Wed Jan 25 22:18:02 EST 2006

On Wed, 25 Jan 2006 20:08:56 +0100, Giovanni Bajo wrote:

> Steven D'Aprano wrote:
> 
>> No, that's not correct. You are making a false
>> assumption.
> 
> Did you ever try to measure the code yourself?

I'm still running Python 2.3, it would give misleading results.

>> This is from the "What's New" for Python 2.4:
>>
>> [quote]
>> String concatenations in statements of the form s = s +
>> "abc" and s += "abc" are now performed more efficiently
>> in certain circumstances. This optimization won't be
>> present in other Python implementations such as Jython,
>> so you shouldn't rely on it; using the join() method of
>> strings is still recommended when you want to
>> efficiently glue a large number of strings together.
>> [end quote]
>>
>> Note the "more efficiently in CERTAIN CIRCUMSTANCES"
>> [emphasis added]? That certainly does not mean that
>> concatenating large numbers of strings is no longer
>> slow. It just means that *sometimes* (almost always?
>> often? occasionally?) it isn't as slow as it used to be.
>>
>> We really don't know what the optimization recognises,
>> how it works, or how fast a difference it makes.
>> Writing poor code, and trusting an implementation-
>> specific optimization to make it run "faster" (how much
>> faster?) is always a dangerous strategy.
> 
> The code is poor by your definition of poor. In my definition, it used to be
> poor and it's not anymore. Since I was interested in exactly WHICH
> circumstances the optimization was performed, I investigated and I know the
> answer. I also know that the optimization *will* apply to the OP code. 

I think you are being overly optimistic about the OP's actual code.

It looks to me that the code posted can't possibly be his production code.
Both versions he has posted lack a return statement. He isn't posting his
actual code, only a modified version of it. He's even admitted it: "Note,
a few small changes have been made to simplify things, however, these
things don't apply to a full-scale picture, so the shouldn't slow anything
down in the slightest." Famous last words. If I had a dollar for every
time somebody said "I made some changes, but they shouldn't change
anything"...

> But maybe you want some numbers:
... 
> So, look, it's even faster than the solution you're proposing.

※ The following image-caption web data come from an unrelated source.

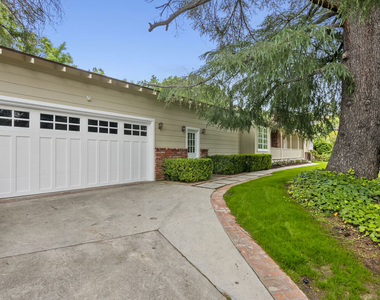 18080 Karen Drive - Photo Thumbnail 4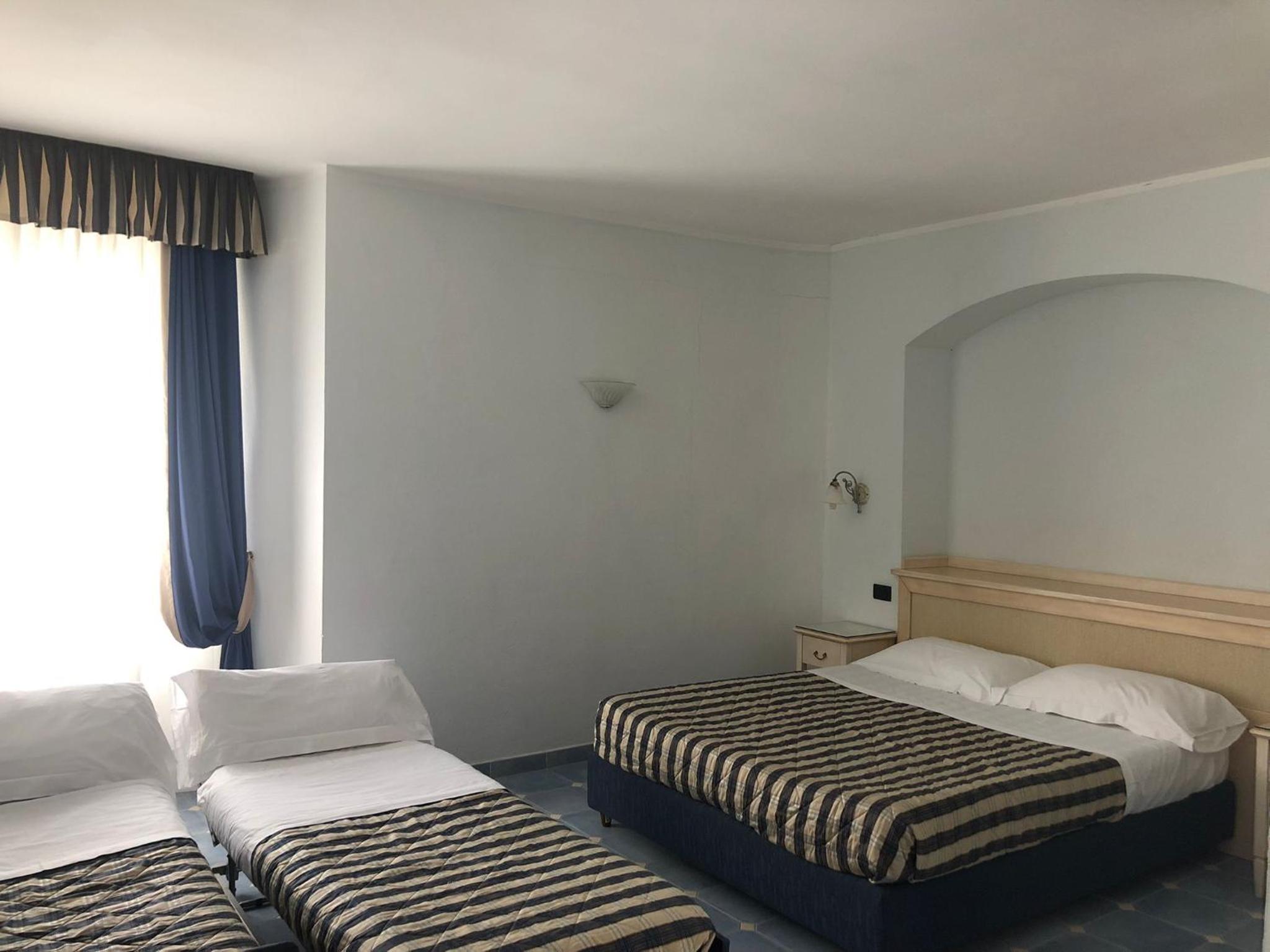 Classic Quadruple Room - Photo 3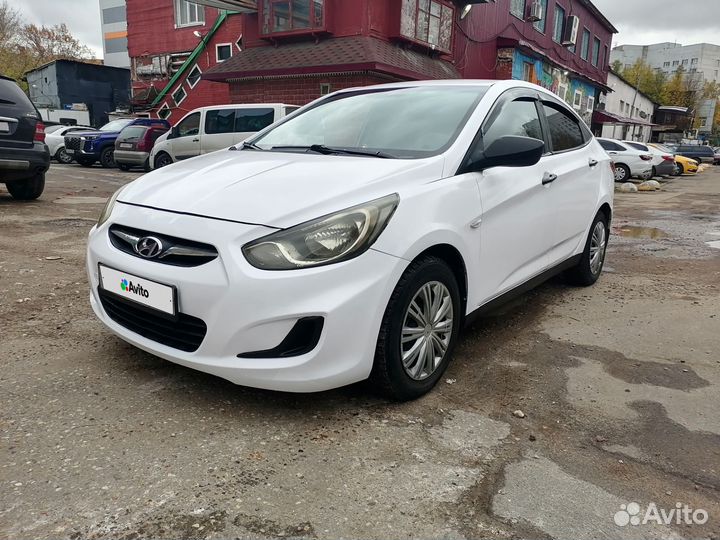 Hyundai Solaris 1.4 МТ, 2013, 330 000 км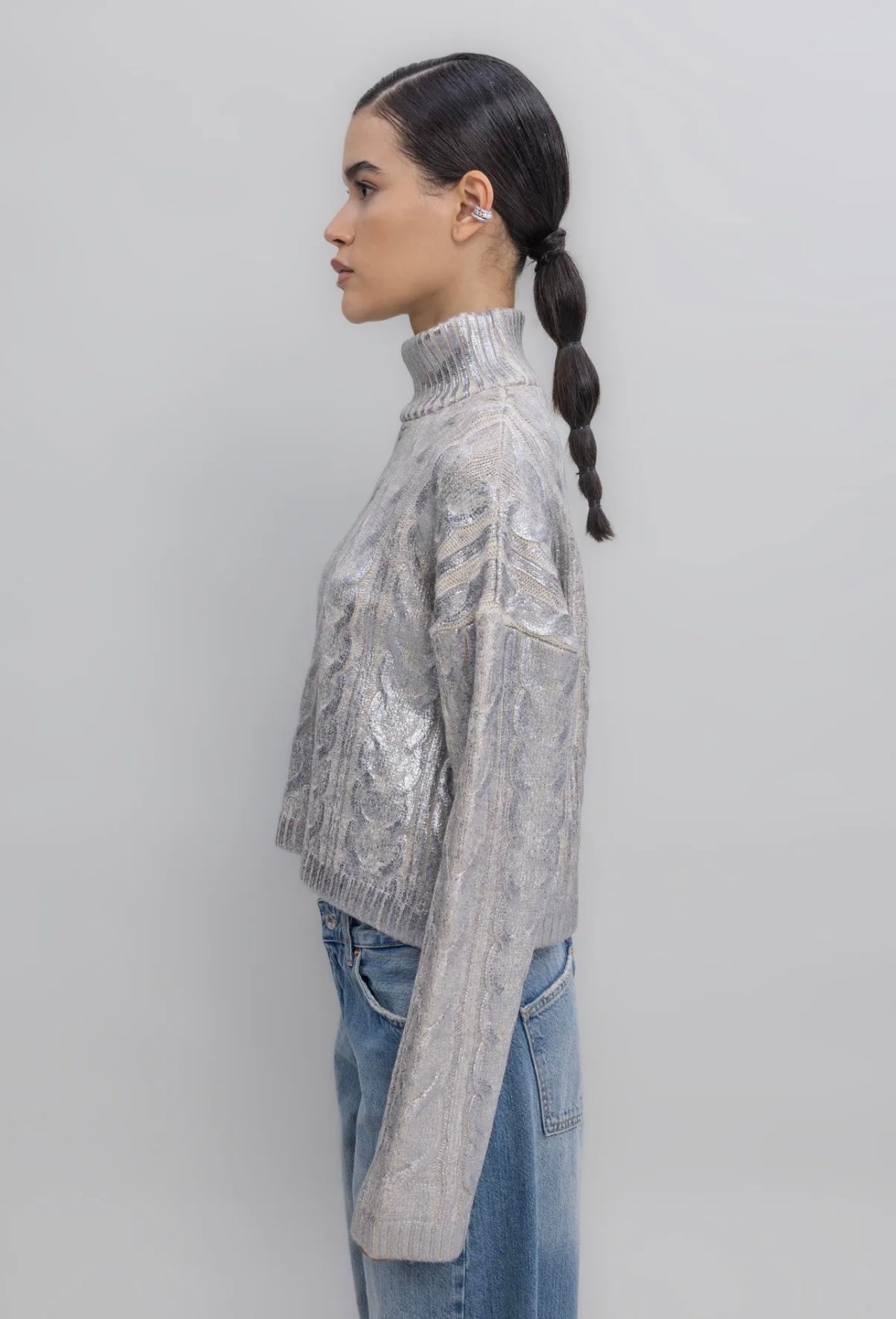 METALLIC TURTLENECK SWEAT SHIRT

But your test code isn't equivalent to the OP's code. I don't know if it
will make a difference, but his code looks more like this:

def iters3(n,m):
    data = ''
    for i in xrange(n):
        row = ''
        for j in xrange(m):
            row += chr(j%64)
        data += row
    return data

while yours is:

def iters(n):
    s = ''
    for i in xrange(n):
        s += chr(i%64)
    return s

I'm happy to agree that your code is optimized to the point it is
marginally faster than the list/join algorithm. But does iters3 optimize
as well? I don't know.

Even if it does, what generalisation do you learn from that? What do you
predict about this one?

def iters4(n):
    s = ''
    D = {}
    for i in xrange(n):
        s += chr(i%64)
        D[i] = s
    return s

At what level of complexity should the Python coder stop relying on
compiler optimizations to turn slow code into fast?

You have saved a handful of milliseconds for one particular version of
Python, at the cost of performance plummeting like a stone if the code
ever gets run under an older version, or on Jython, PyPy or IronPython, or
if the algorithm is used in a slightly more complicated way. I would much
rather have consistently good performance, even if not quite the fastest
possible, than a small speed increase on one platform and terrible
performance on everything else.

-- 
Steven.